***** Dataset extract *****

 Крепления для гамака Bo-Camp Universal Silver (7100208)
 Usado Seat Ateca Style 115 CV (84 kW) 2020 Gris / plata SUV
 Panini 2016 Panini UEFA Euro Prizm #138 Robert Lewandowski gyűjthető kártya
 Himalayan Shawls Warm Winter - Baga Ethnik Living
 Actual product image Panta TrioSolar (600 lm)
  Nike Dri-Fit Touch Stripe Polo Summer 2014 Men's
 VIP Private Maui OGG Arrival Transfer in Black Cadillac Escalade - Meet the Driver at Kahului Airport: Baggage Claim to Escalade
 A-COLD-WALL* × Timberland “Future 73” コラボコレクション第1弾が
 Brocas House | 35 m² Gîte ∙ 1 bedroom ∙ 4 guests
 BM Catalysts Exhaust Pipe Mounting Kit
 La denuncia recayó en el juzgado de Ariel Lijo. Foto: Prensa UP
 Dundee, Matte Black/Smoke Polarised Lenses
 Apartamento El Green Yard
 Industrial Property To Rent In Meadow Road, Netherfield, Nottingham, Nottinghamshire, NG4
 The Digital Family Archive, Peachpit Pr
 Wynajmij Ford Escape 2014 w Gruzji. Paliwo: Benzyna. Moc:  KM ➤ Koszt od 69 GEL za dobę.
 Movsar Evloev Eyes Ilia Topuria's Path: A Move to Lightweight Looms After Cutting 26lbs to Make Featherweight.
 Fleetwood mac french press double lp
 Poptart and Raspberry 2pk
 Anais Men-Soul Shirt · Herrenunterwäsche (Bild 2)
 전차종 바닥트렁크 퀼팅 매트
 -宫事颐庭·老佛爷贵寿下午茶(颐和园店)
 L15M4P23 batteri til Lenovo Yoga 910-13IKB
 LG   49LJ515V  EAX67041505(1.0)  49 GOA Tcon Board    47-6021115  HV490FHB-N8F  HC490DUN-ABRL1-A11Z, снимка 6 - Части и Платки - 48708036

*****

**Task objective**
Retype exactly the lines of the data above, starting at its first line and finishing with the line that has "VIP Private Maui" in it.

**Task solution**
 Крепления для гамака Bo-Camp Universal Silver (7100208)
 Usado Seat Ateca Style 115 CV (84 kW) 2020 Gris / plata SUV
 Panini 2016 Panini UEFA Euro Prizm #138 Robert Lewandowski gyűjthető kártya
 Himalayan Shawls Warm Winter - Baga Ethnik Living
 Actual product image Panta TrioSolar (600 lm)
  Nike Dri-Fit Touch Stripe Polo Summer 2014 Men's
 VIP Private Maui OGG Arrival Transfer in Black Cadillac Escalade - Meet the Driver at Kahului Airport: Baggage Claim to Escalade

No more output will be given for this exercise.